14. The method of claim 11, wherein at least one training sample and at least one other training sample in the plurality of labeled training samples respectively correspond to multiple click events of a same sample user on a same sample object;

for each of the at least one training sample:

determining a loss function value corresponding to the training sample based on at least a difference between the decision value and a label corresponding to the training sample, including: and determining the loss function value based on the difference between the sum of the label corresponding to the training sample and a part of the label corresponding to the at least one other training sample and the decision value, wherein the click event corresponding to the at least one other training sample is later than the click event corresponding to the training sample.

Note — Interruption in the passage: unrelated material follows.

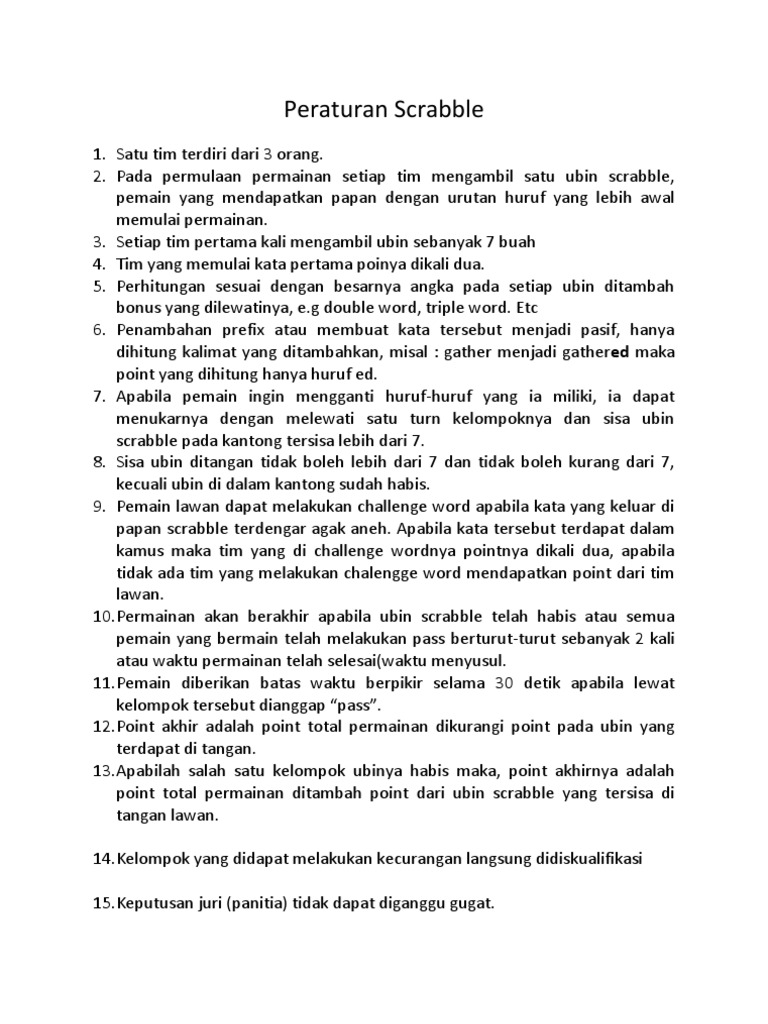 Peraturan Permainan Scrabble | PDF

15. A system for training a recommendation model based on multi-tasking prediction, comprising:

the training sample acquisition module is used for acquiring a plurality of training samples carrying labels; the training sample comprises a sample user characteristic and a sample object characteristic, and the label is used for representing the completion degree of a target task;

the parameter adjusting module is used for iteratively updating the parameters of the initial recommendation model based on a plurality of training samples so as to reduce the loss function values corresponding to the training samples and obtain a trained recommendation model;

and determining a loss function value corresponding to the training sample at least based on the difference between the decision value and the label corresponding to the training sample.

16. A training apparatus for a recommendation model based on multi-tasking prediction, comprising a processor for performing the method of any one of claims 10-14.